“Dek, aku punya kenalan baru. Sepertinya dia
menyukaiku.” Perempuan yang telah kuanggap seperti kakak sendiri itu bercerita
padaku suatu hari.
“Oh ya, apa
buktinya kalau dia beneran suka? Kakak sudah dilamar?” Tanyaku tak kalah
antusias. Dalam persepsiku, definisi “suka” antara lawan jenis yang belum
menikah dan sudah cukup dewasa, tidak bisa dibuktikan hanya denganpernyataan
suka. Harus ada aksi nyata, betul kan?
“Ya ngga
gitu, dia baik dek. Enak pula diajak ngobrol. Kami nyambung satu sama lain.”
Aku hanya mendengarkan, sampai dia melanjutkan, “Sikapnya itu, dewasa banget.

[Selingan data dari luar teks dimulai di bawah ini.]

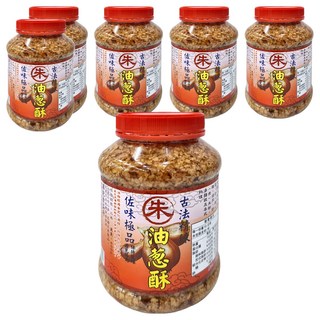 朱記餡餅粥 古法精緻油蔥酥, 600g, 6瓶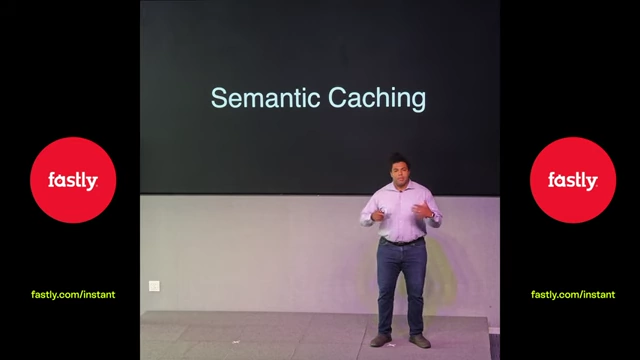 Diagram illustrating how semantic caching works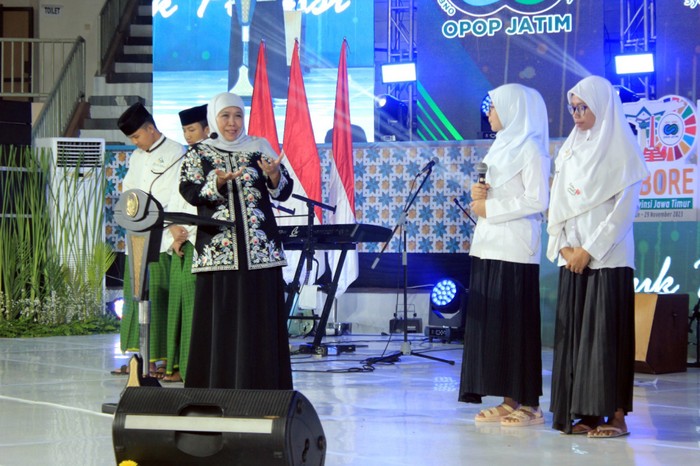 Khofifah di Jambore OPOP Khofifah di Jambore OPOP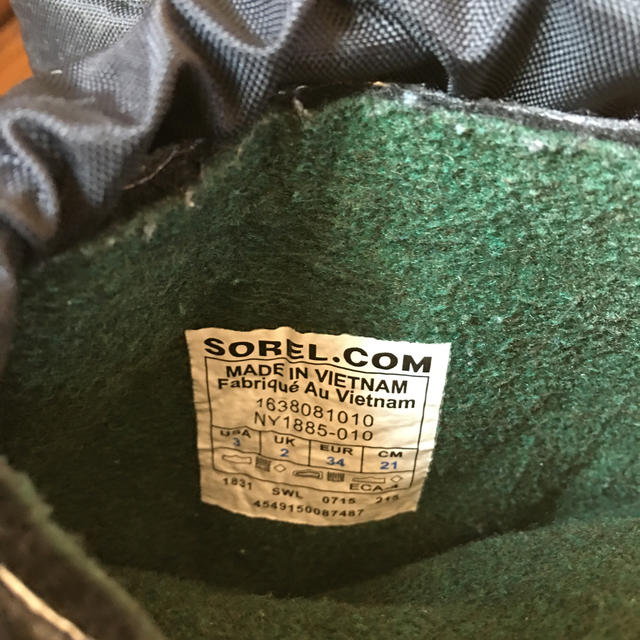 SOREL(ソレル)のSOREL  キッズ　スノーブーツ　21cm  キッズ/ベビー/マタニティのキッズ靴/シューズ(15cm~)(ブーツ)の商品写真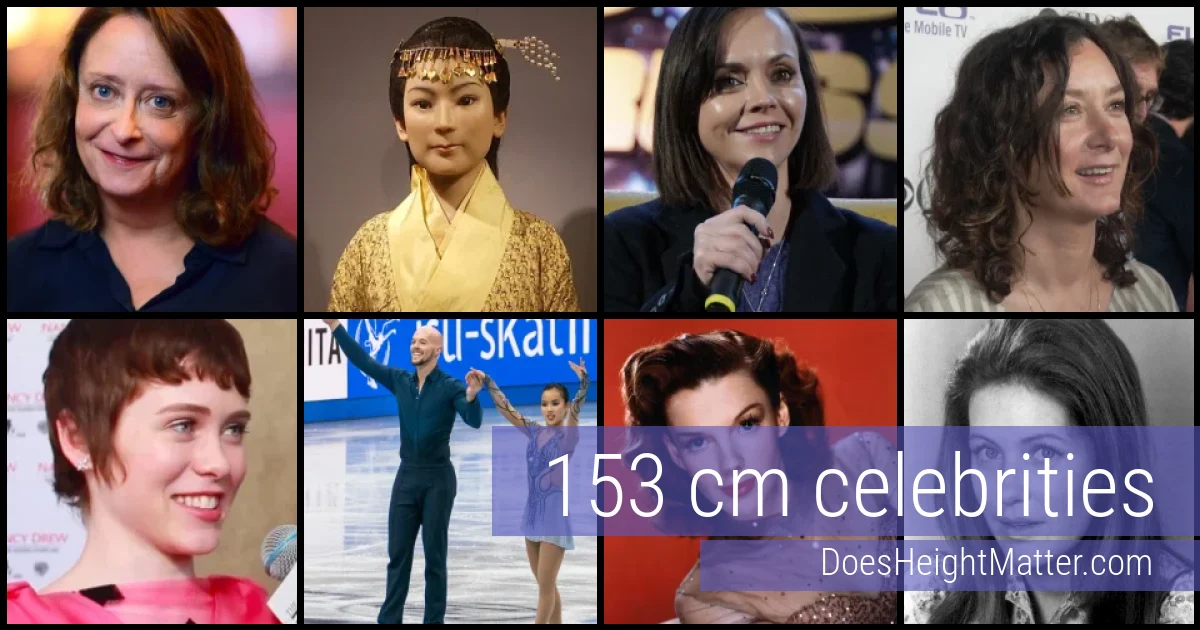 153 cm Celebrities and Famous People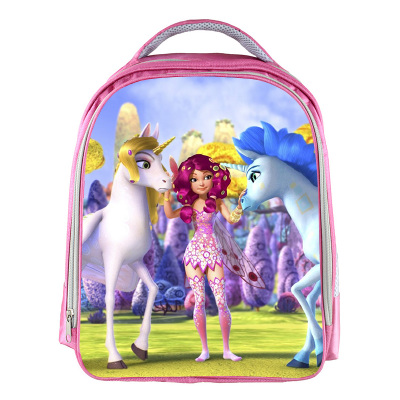 Mia And Me Backpack School Bag Pink - Image 5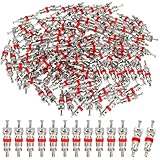200pcs Valve Stem Cores Replacement Kit, Tire Valve Stems Standard Valve Core Universal Tire Valve Core Kit, Premium Tyre Tire Valve Cores for Most Models of Cars, Trucks, Motorcycles and Bicycles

Tapi sayang, ngga jelas. Dia terlalu suka bercanda. Tapi aku suka, bersamanya
seperti hilang semua masalah yang ada.”
“Terus?
Kakak maunya gimana, serius atau main-main sama dia?” Tanyaku tak kalah santai.
“Ya,
gimana. Masa cewek mastiin maunya gimana. Dia kalau diajak ngomong serius malah
bercanda terus. Ya aku jadi kebawa, akhirnya ngga tau mau gimana?” Sorot
matanya mulai lemah menatapku. Seperti meminta kejelasan harus bagaimana, tapi
memangnya aku siapa? Kenal orang yang dia maksud saja tidak. Ah, kakak ini
ada-ada saja.
“Hemmm,
kalau ngga bisa dijelaskan ya sudah. Ikhlaskan saja kalau akhirnya dia ngga
jadi siapa-siapa.” Aku tahu, seketika ekspresinya berubah seperti tidak terima.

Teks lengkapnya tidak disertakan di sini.